Today’s new GI Bill was implemented “to renew our commitment to ensure that the men and women who wear the uniform of the United States of America get the opportunities that they have earned,” President Obama said.

The Post-9/11 GI Bill is just as important as the original, President Obama said, as it also recognizes servicemembers for their wartime service and represents “an investment in our own country.”

The president said the new program will provide today’s veterans “the skills and training they need to fill the jobs of tomorrow.”

“Education is the currency that can purchase success in the 21st century,” the president said, “and this is the opportunity that our troops have earned.”

With the Post-9/11 GI Bill, qualified active-duty and selected Reserve servicemembers who have served after Sept. 10, 2001, are eligible for 36 months of state-school educational benefits, the equivalent of four nine-month academic years. Benefits include tuition and fees that are paid directly to the school, a monthly living allowance paid to the participant and a books and supplies stipend paid to the individual.

Qualified career servicemembers also have the option to transfer benefits to their spouses or children. Most servicemembers who have at least six years of military service and are in the armed forces on or after Aug. 1 and agree to serve an additional four years qualify to transfer their benefits.
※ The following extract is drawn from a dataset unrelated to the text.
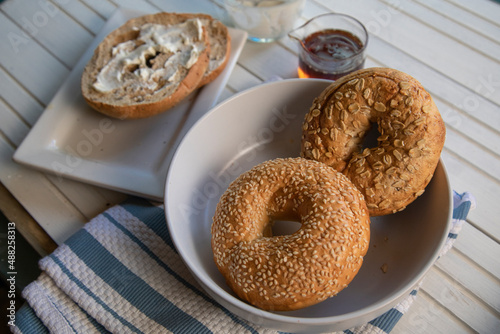 Three types of bagels with cream cheese and honey ona white wood table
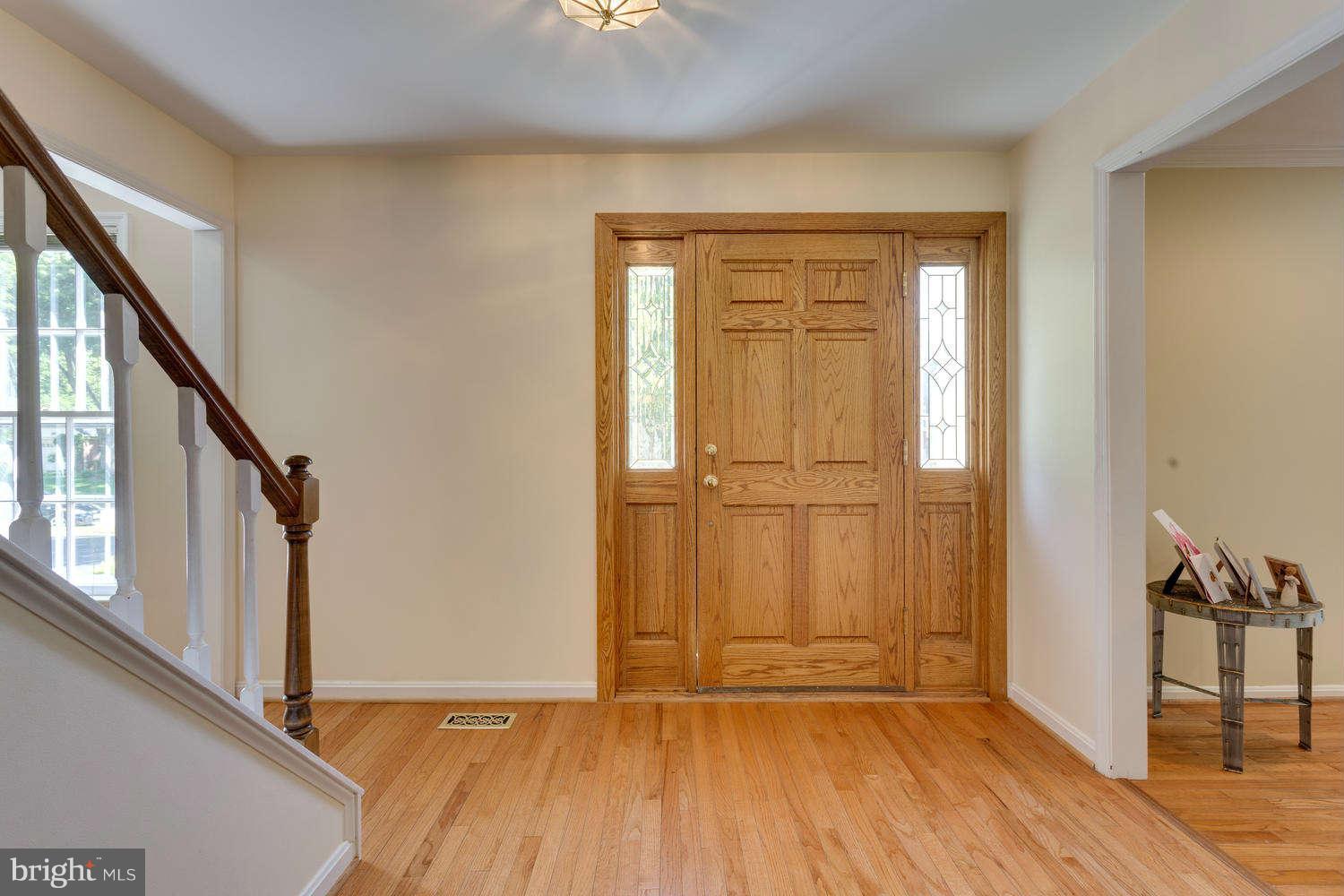 1524 Laurel Hill Road Vienna, VA 22182 - Photo 2 of 29 a view of empty room with wooden floor and fan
Eric K. Shinseki, the Veterans Affairs secretary, who also spoke at the ceremony, exhorted Post-9/11 GI Bill participants to “make it count. Make it count for all of us. Make it count for our country.”

Mr. Shinseki said more than 1,100 private educational institutions have elected to participate in the supplemental Yellow Ribbon Program that permits eligible servicemembers and veterans to attend private colleges and universities whose costs exceed the highest in-state rates at public undergraduate institutions. Under the Yellow Ribbon Program, VA officials “will match whatever is contributed by those private colleges and universities, up to 50 percent of those total costs,” Mr. Shinseki said. “We are grateful that so many schools have joined this effort and we thank them for their support of our veterans.”

Former Marine Staff Sgt. James Miller, an Iraqi war veteran who introduced President Obama at the ceremony, is taking Mr. Shinseki’s advice. Mr. Miller has enrolled as a full-time student at George Mason University under the Post-9/11 GI Bill. He is pursuing a bachelor’s degree in business communications.